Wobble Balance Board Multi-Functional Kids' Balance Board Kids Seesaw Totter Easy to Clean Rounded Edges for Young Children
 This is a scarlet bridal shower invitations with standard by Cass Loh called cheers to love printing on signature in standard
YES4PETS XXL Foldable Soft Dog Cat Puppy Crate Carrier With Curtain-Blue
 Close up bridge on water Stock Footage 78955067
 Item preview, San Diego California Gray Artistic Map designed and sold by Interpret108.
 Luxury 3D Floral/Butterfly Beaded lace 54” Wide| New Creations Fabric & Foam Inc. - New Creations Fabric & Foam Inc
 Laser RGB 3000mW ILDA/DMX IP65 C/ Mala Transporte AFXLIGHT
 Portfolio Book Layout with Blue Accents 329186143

» What is required
Given the listing above, print all of it word for word.

» Reply to the task
Wobble Balance Board Multi-Functional Kids' Balance Board Kids Seesaw Totter Easy to Clean Rounded Edges for Young Children
 This is a scarlet bridal shower invitations with standard by Cass Loh called cheers to love printing on signature in standard
YES4PETS XXL Foldable Soft Dog Cat Puppy Crate Carrier With Curtain-Blue
 Close up bridge on water Stock Footage 78955067
 Item preview, San Diego California Gray Artistic Map designed and sold by Interpret108.
 Luxury 3D Floral/Butterfly Beaded lace 54” Wide| New Creations Fabric & Foam Inc. - New Creations Fabric & Foam Inc
 Laser RGB 3000mW ILDA/DMX IP65 C/ Mala Transporte AFXLIGHT
 Portfolio Book Layout with Blue Accents 329186143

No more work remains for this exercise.